April 9, 2020
By: Teresa Pierce, Interpretive Program Coordinator at Auburn Valley State Park
One busy day on Pennsylvania Avenue in Wilmington in the mid-1890s, ribbons of people and carriages mingle about their businesses, a visual representation of the industrious nature of the industrial revolution. Standing alone amongst the crowd stands a man stark still, staring up at a house on the corner of Pennsylvania Avenue and Claymont street with the calculating eye of an engineer. Perhaps people noted the greying mustachioed man, giving him confused looks as they passed by, “What could have captured his attention particularly on a street lined with beautiful homes wherever you look.” The stranger was none other than Israel Marshall, the builder of Auburn Heights, and this was the moment that his family mansion began to take shape in his mind.

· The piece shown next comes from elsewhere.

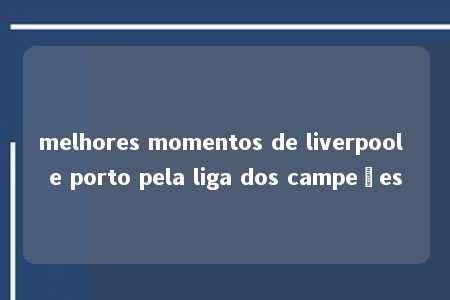 melhores momentos de liverpool e porto pela liga dos campeões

Israel grew up along with his brother T. Elwood in Kennett Township Pennsylvania in an area called Marshall’s Bridge, evidence of his family’s one hundred years of residence there. His great-great-grandfather John Marshall came to Philadelphia in the late 1600s, a Quaker following the call of William Penn. Eventually, descendants moved to Kennett Township in 1765, and not only farmed the land but operated a grist and sawmill. Israel’s father, Thomas, heard that up along the Brandywine, a mechanism for machine-made paper had been constructed. His imagination was captured and he spared no time in converting the family grist mill to a paper mill. Israel and his brother Thomas Elwood grew up learning the trade from their father, and no doubt it was a great day when the business was formally renamed Thomas S. Marshall and Sons.
Israel thrived on technical challenges and liked to push the bounds of what technology could do, inventing new processes and ways of making paper. Thomas passed away in 1887, leaving his two sons in control. The brothers wanted to expand their operations, as the demand for rag paper was outpacing their supply. A burnt-out shell of a woolen mill stood in a small community in Northern Delaware called Yorklyn. Together, the brothers entered into a partnership with the woolen mill owner’s son in law, renovating and adding to the structure to make it a part of the Marshall Bros. Paper company. Yet someone would need to stay in Yorklyn to oversee this growing operation, and who better than Israel who had always been more of an inventor and tinkerer. So Israel, his wife Lizzie (Nee Mitchell), and their three children were uprooted to Northern Delaware.
Life was different than it had been in Pennsylvania. At first they lived in the mill owner’s historic home, a Georgian style stone structure adjacent to the paper mill. This home would have been noisy and dirty, as it was near the rag paper machinery, the rushing water wheel, and the dust tossed up by the horses and wagons passing through with the rags destined to become paper. Israel wanted to build a home for his wife and children in a more pleasant location. Luckily, he had already picked the place, a scenic hilltop that one could easily look down and see the mill or the creek from a comfortable distance. Israel had the place, but he needed the house. We do not know the day or year that Israel first stopped to gaze at a beautiful mansion on Pennsylvania Ave, but it was likely between 1891, the year the mill began to operate, and 1896 the year he began work on his home.
Israel, with an eye for design and efficiency, liked the layout of the house on Pennsylvania Avenue and was likely shocked to discover that the house was not the work of an architect’s personal design, but was ordered from a catalog book called Shoppell’s modern Houses. This plan was the most expensive design in the book, and would cost $11,500 to build. For comparison, a normal middle-class home would be about $1,000 in those days, yet Israel had set his mind set on the mansion, so he ordered the plans and went to work. Using the family quarry in Pennsylvania, Israel used Baltimore Gneiss to construct the mansion and continued with the stone theme, eventually using slate shingles for the roof. In ten months, the construction was over, and in 1897, he took his wife and three children into their beautiful new home. The name associated with the house comes from the historical name for the area of Yorklyn, which was Auburn. The mills below used to be called the Auburn Mills, and so, as the mansion stood on the heights, it received the nomenclature of Auburn Heights.
Not only was the structure grand in design, but it was also a technologically advanced building, something all too easy to miss with a 21st-century eye. The Marshalls were generous hosts, and numerous guests would have flooded the porch to pay a social call, but if they were invited inside, they would likely have been taken aback. For though it was out of the city, the mansion had indoor plumbing, direct current electricity, and steam heat piped directly up from the paper mill below. The home has been slightly changed and added to by the three continuous generous of Marshalls who owned the building, but the layout of the house itself, and the exterior remain largely as it was when it was first constructed in 1897.
Today, you can walk out of the mansion, down the garden, through the rose arbor and then to the paper mill below, just as Israel Marshall did 123 years ago. It all started with one man stopping on a busy street and picturing his dream home. Thanks to the dream of his grandson Thomas Marshall, Auburn Heights will forever be preserved as the hallmark structure in Auburn Valley State Park.